Chronique | Darkher - The Buried Storm

Pierre Sopor 15 avril 2022

Mine de rien, cela fait désormais dix ans que l'anglaise Jayn Maiven nous noie dans les crépuscules fantomatiques de sa musique, entre doom et folk. Son premier album, Realms, sortait en 2016 et posait les bases d'un univers fascinant aux ombres superbes : une mise en scène puissante de la désolation via une imagerie poétique et cinématographique forte, une lourdeur hypnotique mais aussi cette touche éthérée à la Chelsea Wolfe qui donne à chaque titre ce parfum mystique. On avait hâte de voir où l'artiste nous emmènerait et The Buried Storm vient alors confirmer toutes nos bonnes impressions.

The Buried Storm porte bien son nom : sous sa retenue feutrée, une tempête couve et ses échos nous parviennent, lointain et souterrains. Darkher sait toujours aussi bien jouer avec les durées et prend tout son temps pour ce nouveau rituel funèbre : une nappe bourdonne et la voix de la chanteuse se mélange aux violons et violoncelles alors que l'introduction Sirens Nocturne nous emporte progressivement vers Lowly Weep et ses percussions organiques. De la réverbération, des textures qui sentent bon le bois, la brume et la pluie, et cette voix, toujours spectrale : Darkher n'a pas son pareil pour planter un décor lugubre et froid mais aussi étrangement réconfortant. Sa musique dissimule ses secrets comme une séance de spiritisme et reste belle comme une marche funèbre.

Il y a quelque chose de presque théâtral dans cette lenteur, dans l'affliction qui dégouline de la basse venue épaissir ce brouillard mélancolique. Darkher, avec ses rythmiques lentes qui semblent avoir traversé les époques pour nous parvenir par échos, rappelle parfois une version plus doom de la bande originale composée par Jozef Van Wissem et Jim Jarmusch pour Only Lovers Left Alive. Maiven joue sur les contrastes : il y a celui offert par sa voix aérienne et la pesanteur terreuse de sa musique, cet équilibre difficile entre sobriété minimaliste et emphase, mais aussi les accalmies entre deux orages comme Unbound et Where the Devil Waits, plus folk, qui ne donnent que plus d'impact à l'élégiaque Love's Sudden Death, magnifique et romantique. Théâtralité toujours dans la dernière partie de l'album quand Immortals, où le chant s'extirpe du fog pour être plus frontal et où les guitares imposent un crescendo que Fear not, My King vient enterrer.

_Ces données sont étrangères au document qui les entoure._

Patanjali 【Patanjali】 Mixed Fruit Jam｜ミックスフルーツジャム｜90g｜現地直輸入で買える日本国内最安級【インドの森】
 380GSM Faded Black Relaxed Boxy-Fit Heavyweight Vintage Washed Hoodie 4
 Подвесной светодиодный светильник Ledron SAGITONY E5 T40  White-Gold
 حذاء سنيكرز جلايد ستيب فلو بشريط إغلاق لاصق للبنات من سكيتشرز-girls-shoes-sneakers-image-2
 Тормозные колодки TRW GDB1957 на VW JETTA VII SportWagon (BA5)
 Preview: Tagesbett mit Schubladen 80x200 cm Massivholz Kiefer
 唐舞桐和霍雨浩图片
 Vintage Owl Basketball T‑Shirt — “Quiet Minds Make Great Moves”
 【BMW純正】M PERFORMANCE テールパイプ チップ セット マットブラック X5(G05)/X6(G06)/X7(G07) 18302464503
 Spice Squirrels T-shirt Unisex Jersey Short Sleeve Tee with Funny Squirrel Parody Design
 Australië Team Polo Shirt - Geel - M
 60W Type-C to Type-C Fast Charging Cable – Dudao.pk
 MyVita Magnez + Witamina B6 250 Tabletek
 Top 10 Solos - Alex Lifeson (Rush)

Avec son piano hanté et cette complainte venue d'outre-tombe, ce dernier morceau offre la conclusion sépulcrale parfaite à l'album.

The Buried Storm passe comme un rêve, comme un souvenir enfoui ou un fantôme : sans qu'on ne puisse vraiment le saisir et en nous laissant une impression nostalgique. Tout ce que l'on veut, c'est s'y replonger, se perdre dans ses ténèbres. La musique de Darkher convoque d'autres temps, d'autres réalités. Dans la continuité de l’œuvre de Darkher, l'album est un rituel qui donne vie à une multitude d'images et d'émotions. Plongez-vous dans cette grande pièce gothique et romantique et vous serez alors accompagné par les esprits pour le reste de vos errances sur cette terre trop brillante, trop bruyante.